**Source data:**
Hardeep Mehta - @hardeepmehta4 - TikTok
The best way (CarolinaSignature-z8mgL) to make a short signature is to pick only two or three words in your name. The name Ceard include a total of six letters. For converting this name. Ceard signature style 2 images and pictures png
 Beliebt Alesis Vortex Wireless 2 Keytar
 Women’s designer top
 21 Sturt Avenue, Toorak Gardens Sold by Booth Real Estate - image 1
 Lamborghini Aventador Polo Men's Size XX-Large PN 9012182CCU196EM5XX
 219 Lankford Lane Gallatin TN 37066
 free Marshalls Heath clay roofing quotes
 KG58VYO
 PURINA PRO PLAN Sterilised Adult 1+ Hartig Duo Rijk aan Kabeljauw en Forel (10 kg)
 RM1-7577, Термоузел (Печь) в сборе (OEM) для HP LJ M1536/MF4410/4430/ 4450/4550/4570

**Task item:**
Send back all of the entries exactly, with nothing missing.

**Response:**
Hardeep Mehta - @hardeepmehta4 - TikTok
The best way (CarolinaSignature-z8mgL) to make a short signature is to pick only two or three words in your name. The name Ceard include a total of six letters. For converting this name. Ceard signature style 2 images and pictures png
 Beliebt Alesis Vortex Wireless 2 Keytar
 Women’s designer top
 21 Sturt Avenue, Toorak Gardens Sold by Booth Real Estate - image 1
 Lamborghini Aventador Polo Men's Size XX-Large PN 9012182CCU196EM5XX
 219 Lankford Lane Gallatin TN 37066
 free Marshalls Heath clay roofing quotes
 KG58VYO
 PURINA PRO PLAN Sterilised Adult 1+ Hartig Duo Rijk aan Kabeljauw en Forel (10 kg)
 RM1-7577, Термоузел (Печь) в сборе (OEM) для HP LJ M1536/MF4410/4430/ 4450/4550/4570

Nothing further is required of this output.